- **Data below**
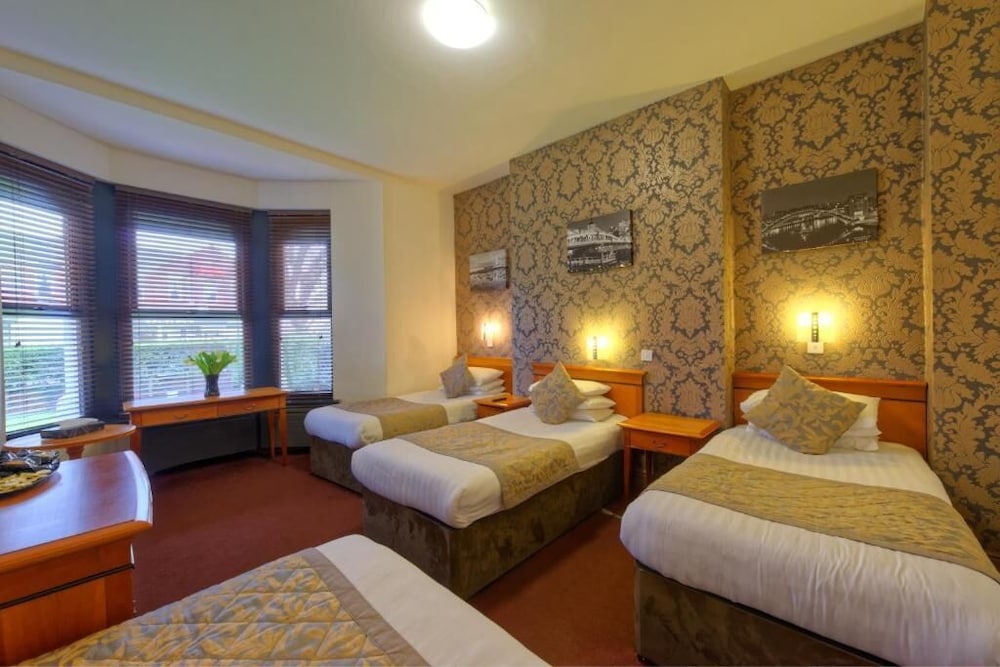 Suite, Ensuite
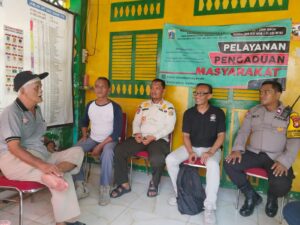 Bhabinkamtibmas Kelurahan Kemayoran Melaksanakan Kegiatan Sambang Dan Patroli Dialogis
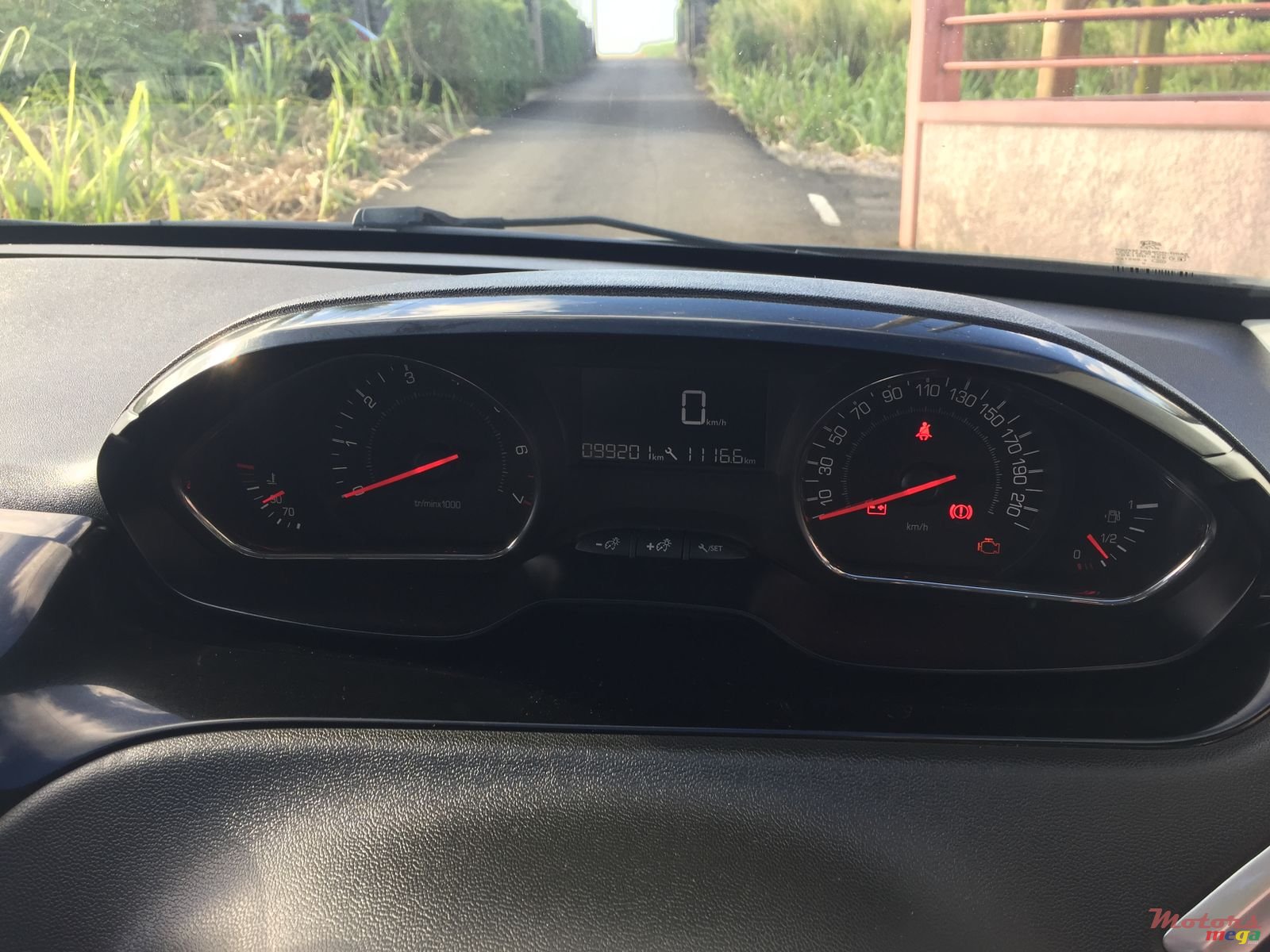 2012' Peugeot 208 photo #6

- **Task to carry out**
When you return the listing, keep it exact and omit any pictures it holds.

- **Response to this exercise**
 Suite, Ensuite
 Bhabinkamtibmas Kelurahan Kemayoran Melaksanakan Kegiatan Sambang Dan Patroli Dialogis
 2012' Peugeot 208 photo #6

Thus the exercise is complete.